The Sun Also Rises is one of my all-time favorites. I guess sometimes I feel a bit angsty and can relate to poor old impotent Jake!

4Sandydog1
mei 28, 2010, 9:11 pm

Dit bericht is door zijn auteur gewist.

5varielle
mei 31, 2010, 5:40 pm

My high school Spanish class back in the mid 70s was trying to raise money to go to Spain. We had a speaker come in who recommended to us that we read The Sun Also Rises because it would tell us everything we needed to know about Spain. It might have told us everything we needed to know about Spain 50 years before, but about the Spain at the end of Franco's regime not much. I liked it anyway. The movie isn't too bad, especially Eddie Albert.

6geneg
mei 31, 2010, 8:02 pm

I prefer to remember the Espana of Lazarillo de Tormes. It's probably about as accurate as Hemingway's view and a heckuva lot more fun to read. Or how about Don Fernando?

7Sandydog1
jul 10, 2010, 10:33 am

And besides, Brett was hot...

8PJBanks
jul 10, 2010, 11:48 am

When one rereads Hemingway, in later life, you discover that underneth all the macho bullshit, he was a bully, greatly overrated, a bit of a drunk and not nearly as talented as Fitzgerald. One has to understand the thirties, the political climate in Europe, the Spanish Civil War, which probably isn't taught in today's schools. Read Martha Gellhorn, for a really good understand of Papa Hemingway.

9auntSteelbreaker
jul 10, 2010, 1:45 pm

I'm not that old (hopefully not in the later part of my life yet) but I do agree with PJBanks about Hemingways personality even though I don't think he is overrated. But the sun also rises was a great disappointment for me too as I remember it (reading it ten years ago).

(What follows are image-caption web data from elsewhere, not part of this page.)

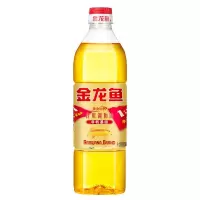 金龙鱼 黄金比例食用调和油(非转基因)900ml/瓶 (瓶) (调和油\调和油)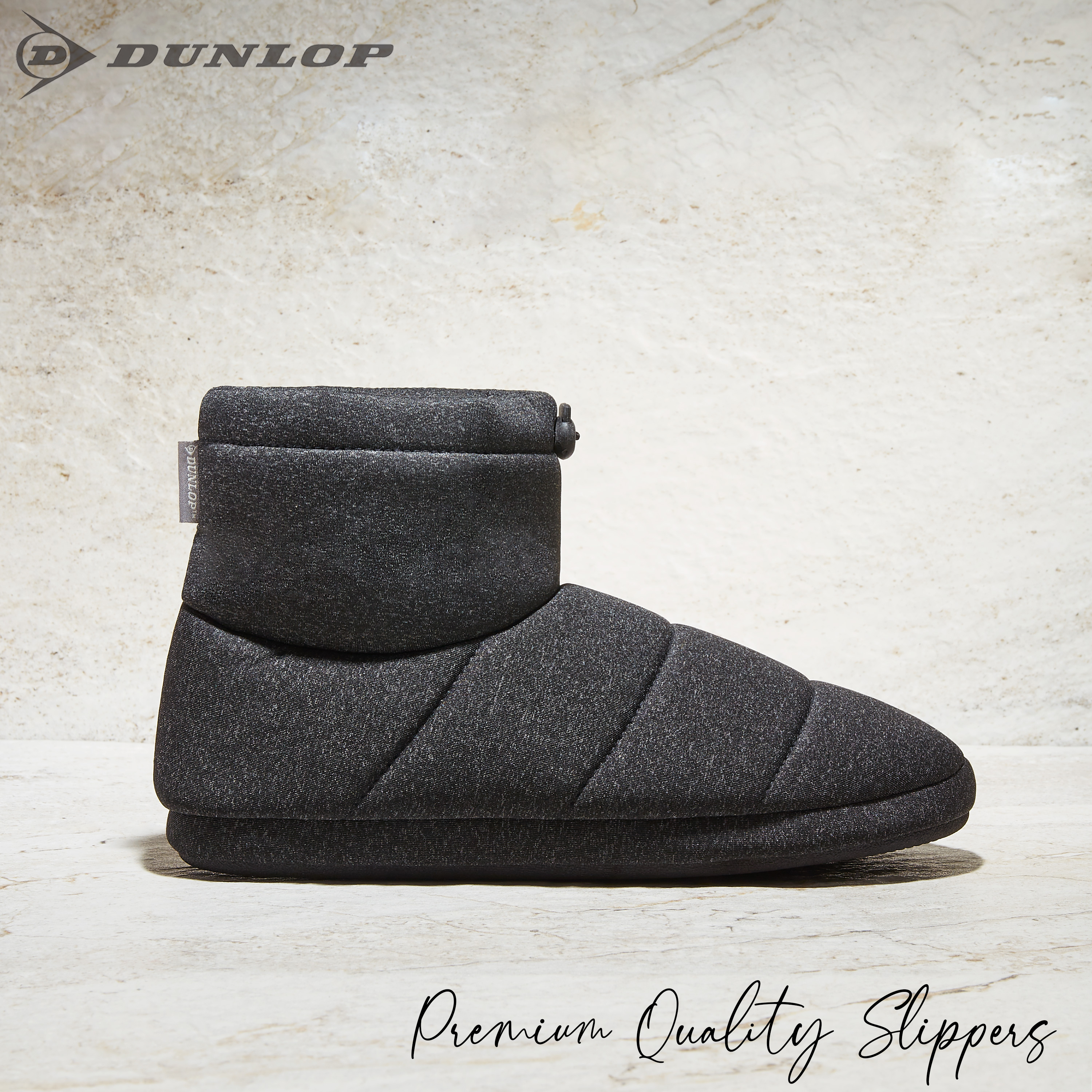 Dunlop Warm Fluffy and Cosy House Boots Slippers for Men - Picture 15 of 48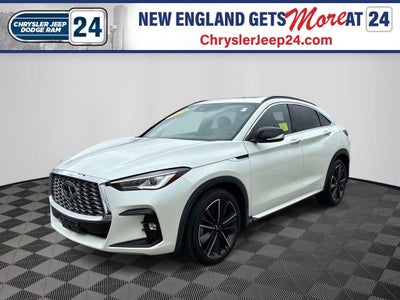 2023 INFINITI QX55 LUXE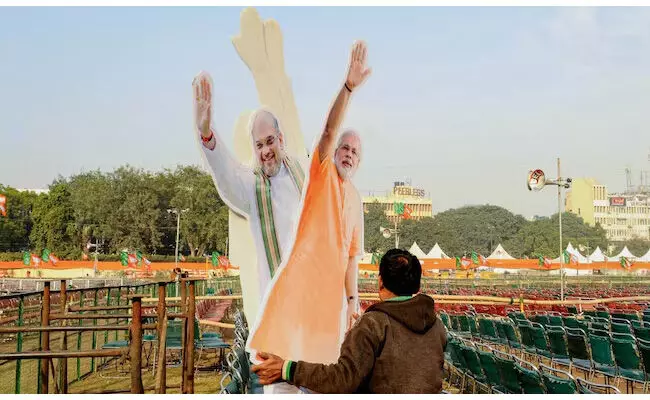 ಫೆ.20ರಂದು ರಾಮಲೀಲಾ ಮೈದಾನದಲ್ಲಿ ನೂತನ ದಿಲ್ಲಿ ಸಿಎಂ ಪ್ರಮಾಣ ವಚನ ಸ್ವೀಕಾರ ಸಾಧ್ಯತೆ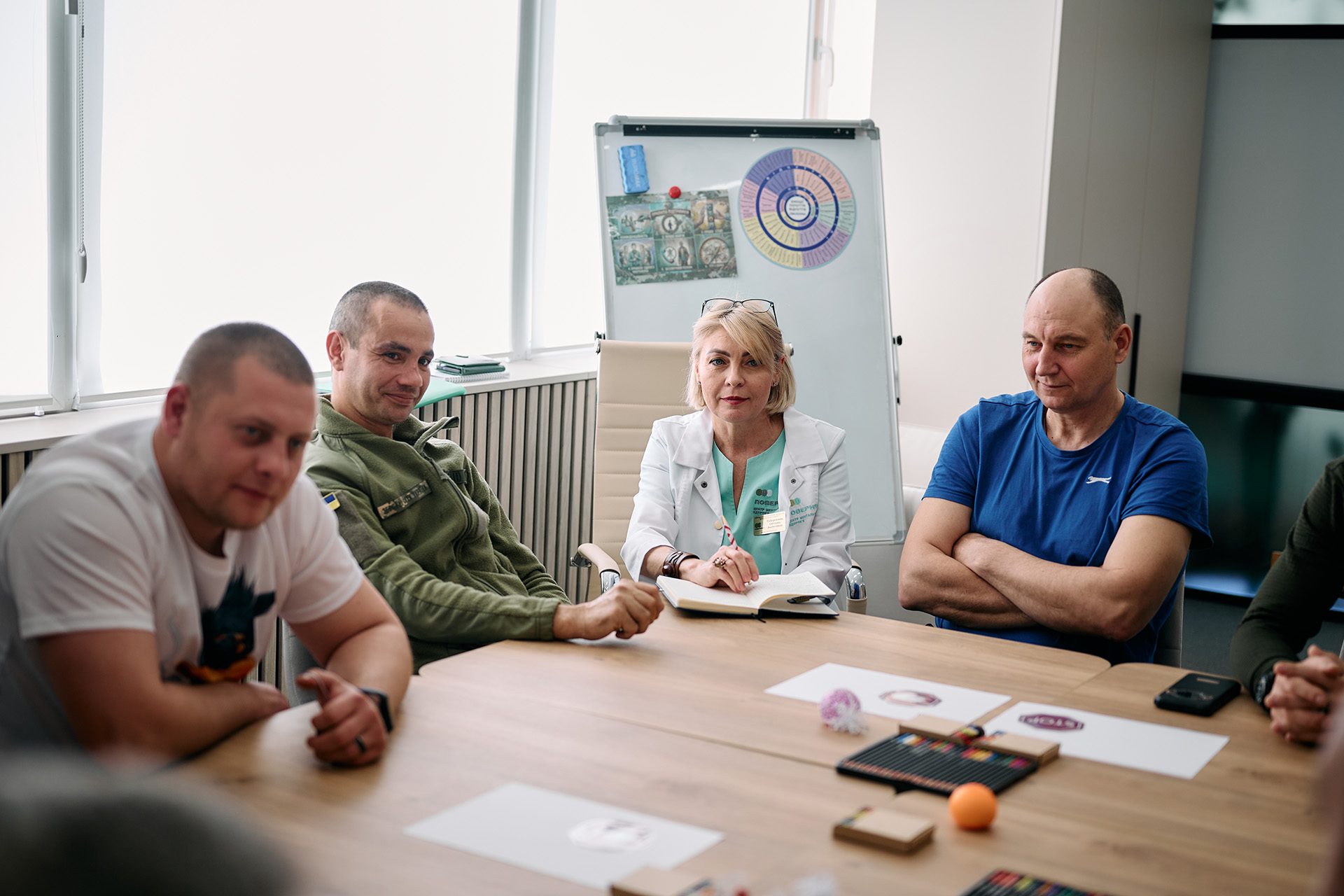 В Одесі відкрився центр ментального здоров’я мережі «Повернення», заснованої Віктором та Оленою Пінчуками фото 1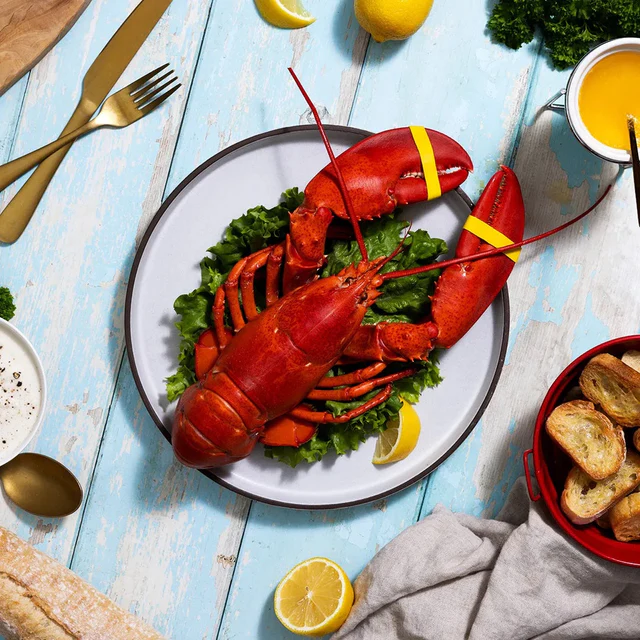910g+ Live Maine Lobster - Image 6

My opinion on Hemingway, as I recall it is that his earlier books (the sun also rises, a farewell to arms) have the Hemingway style but don't express that much. That is, the style is economic but not yet condensed. In later books, (for whom the bell tolls, across the river and into the trees, the old man and the sea) he actually expresses a lot of emotion with very few words. By describing actions, for example, he hints on the underlying emotion or psychological reaction in a way that you don't have to think in the same way as the characters in order to understand. (I generally don't think like his characters and I do think he was singleminded and probably unable to write characters he couldn't identify with fully himself.)

I think there is a shooting scene in the first chapter of "to have and have not" that might illustrate the point of his style better. Including the section where the protagonist walks away from it all. Or maybe "the snows of kilimanjaro" (the story). But since I haven't read Hemingway for at least seven years, except for a few stories and the beginning of "to have and have not" I don't know what would be the best illustration.

One point is, in my opinion, that what is not explicitly mentioned is often stronger than what is. Hemingway has applied this to the actual sentence constructions.

10Gail.C.Bull
Bewerkt: jul 11, 2010, 11:53 am

Toffte (message 9):
I agree with you assertion that "what is not explicity mentioned is often stronger than what is;" some of my favourite novels are written that way. But I don't think Hemingway was particularly skilled at this. At least not when he wrote The Sun Also Rises. I haven't read anything else by Hemingway so I can't comment on whether or not his talent for this improved over the years.

As for his characters, they are some of the weakest characters ever created. People often comment on how weak his female characters are but his male characters aren't much better. Jake is the sum total of his trauma; he has no other personality beyond that of his impotence and insecurity. I couldn't help thinking of him as a male Bridget Jones: all insecurity, no personality. Now there's an ironic thought: Hemingway as the inventor of "chicklit" characterization techniques.

11varielle
jul 11, 2010, 5:07 pm

I'm going to paraphrase this remark as I can't remember it exactly, but I recently saw a show about Picasso. It seems the artist was somewhat disparaging about Hemingway's supposed "manliness" and his bloodlust. He basically made the remarks that if Hemingway had actually lived through real war, destruction and near death experiences he would hold entirely different viewpoints than the ones he espoused.